NEW YORK — Nick Graham offered up a preview of the title and cover art for his new book — “If You Don’t Ask, the Answer Is No: True Stories About Changing the World…and Its Underwear” — during a Fashion Group International event Wednesday night. One problem though: The book isn’t actually written yet.
But that didn’t stop the founder of Joe Boxer and the Nick Graham collection from offering up an hour of lively stories and motivational moments from his career. Those stories will be the crux of the book — when the designer actually finds the time to sit down and write it, he said.
Since his childhood in Canada as the son of two immigrants from England, Graham has found innovative ways to get noticed. That includes everything from the world’s fastest fashion show — 1.2 seconds by a human cannonball — to a presentation at 30,000 feet on a transatlantic Virgin Atlantic flight, shooting underwear into space on a rocket to 126,000 feet, and other off-the-wall antics that have come to define his career. Most recently, he has shown his lifelong love for science by teaming with astronaut Buzz Aldrin, Bill Nye and NASA for collections inspired by space travel.
But don’t dismiss Graham as merely a performer. With no formal advertising, he built Joe Boxer underwear into a $100 million brand with an 87 percent awareness rate. And his current collection of tailored clothing and furnishings is carried at Macy’s and other retailers.
Graham got his start in fashion by trying to impress a girl who lived down the street from him in Calgary. To attract her attention, he decided to make her a dress. He made the dress, but didn’t get the girl.
When he was in his 20s, he moved to San Francisco and started designing underwear. He quickly attracted the attention of the FBI because he had printed $100 bills onto boxer shorts, a definite no-no. They raided his loft and confiscated and burned every pair except the one he was wearing.
But that didn’t deter the entrepreneur. He went on to create a more-legal line of novelty ties and boxer shorts and set out to make his mark.
“People buy feelings, not things,” he said, adding that creating a successful brand is more about building an emotional relationship than merely selling product. He pointed to brands such as Ralph Lauren, Apple, Chanel and Disney as among the companies that own this strategy of offering up what he defines as “emotional gross margin,” the difference between the cost of the goods and their value to consumers.
What sets these brands apart, he said, is that they were founded by true storytellers who created a personality for their products, something other aspiring entrepreneurs should emulate.

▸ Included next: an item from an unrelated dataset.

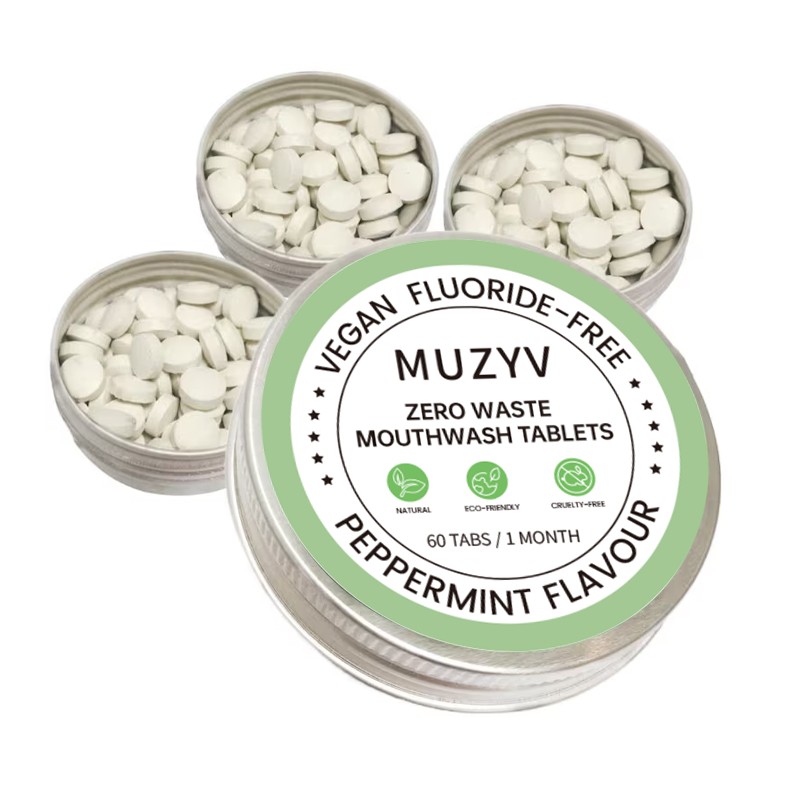 Mouthwash Tablets Supplier - Custom Solid Vegan Fluoride Free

Amid a slide presentation that showed Graham dressed in drag alongside Richard Branson of Virgin Atlantic and a rendering of one of his bow ties adorning the neck of the Statue of Liberty, Graham offered some other valuable lessons.

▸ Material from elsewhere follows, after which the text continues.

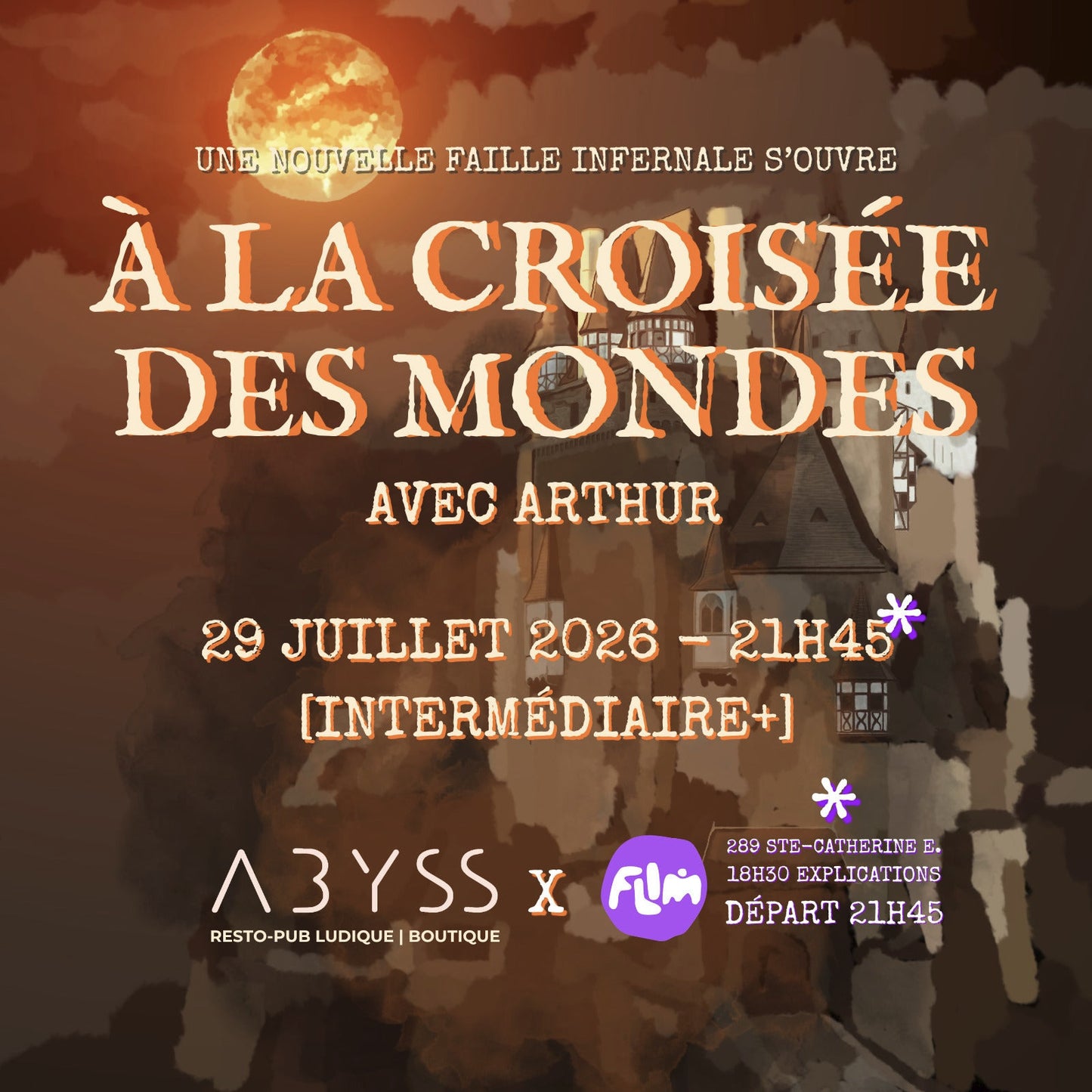 À la Croisée des Mondes | 2026-07-29 (19H & 21H45)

Success is defined by “brand memory,” he said, or creating a lasting connection with consumers, and “The Brand is the Amusement Park, the Product is the Souvenir.”
He ended his “performance piece” with a thoughtful set of slides from a book that he actually did write, called “100 Questions.” (A signed copy of which is available on Amazon in hardcover for $20.16.) For eight minutes, he flashed questions on the screen that asked about people’s backgrounds and motives and how they want to be remembered.